Codability using RDD and DataFrame
With Spark2.0 release, there are 3 types of data abstractions
1. RDD
2. DataFrame (Untyped API)
3. DataSet (Typed API)
RDD (Spark1.0) → Dataframe(Spark1.3) → Dataset(Spark1.6)
RDD being the oldest available from 1.0 version to Dataset being the newest available from 1.6 version. Given same data, each of the 3 abstraction will compute and give same results to user. But they differ in performance and codability.
In this part of tutorial we will take up a use case to solve using RDD and DataFrame.
Use Case : Given the dataset we have to find the average salary for each designation
RDD Approach
def parseRecords(str: String): Tuple2[String, Int] = {
val fields = str.split(“\\|”)
(fields(3), fields(4).toInt)
}
val rdd = spark.sparkContext.textFile(“./dataset/u.user”)
val header = rdd.first()
val userRDD = rdd.filter(record=>record!=header)
val reduceAction = userRDD.map(record => parseRecords(record)).

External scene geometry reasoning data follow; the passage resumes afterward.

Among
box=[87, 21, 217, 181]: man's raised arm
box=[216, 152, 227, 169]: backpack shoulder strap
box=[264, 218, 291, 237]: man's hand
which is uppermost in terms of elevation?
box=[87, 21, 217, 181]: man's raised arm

map(e => (e._1, (e._2, 1))).
reduceByKey((r1, r2) => (r1._1 + r2._1, r1._2 + r2._2))reduceAction.map(element => (element._1, element._2._1/element._2._2)).

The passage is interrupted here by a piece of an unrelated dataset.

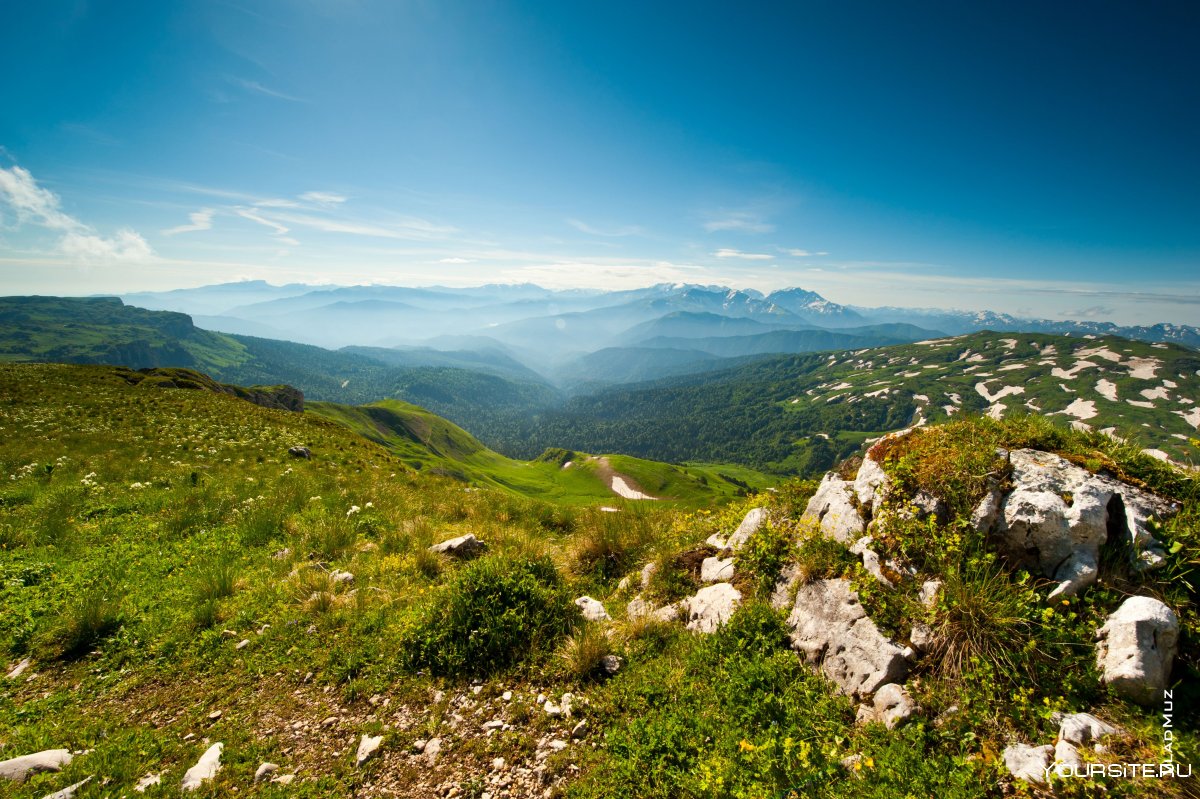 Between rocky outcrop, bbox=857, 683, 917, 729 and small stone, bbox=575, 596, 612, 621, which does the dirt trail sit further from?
rocky outcrop, bbox=857, 683, 917, 729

collect.foreach(e=>println(e))
DataFrame Approach
val userDF = spark.read.option(“header”,”true”).option(“inferSchema”,”true”).option(“sep”,”|”).csv(“./dataset/u.user”)
userDF.groupBy(col(“designation”)).agg(avg(col(“salary”))).show()
If you see the same use case can be easily achieved using DataFrame with more readability.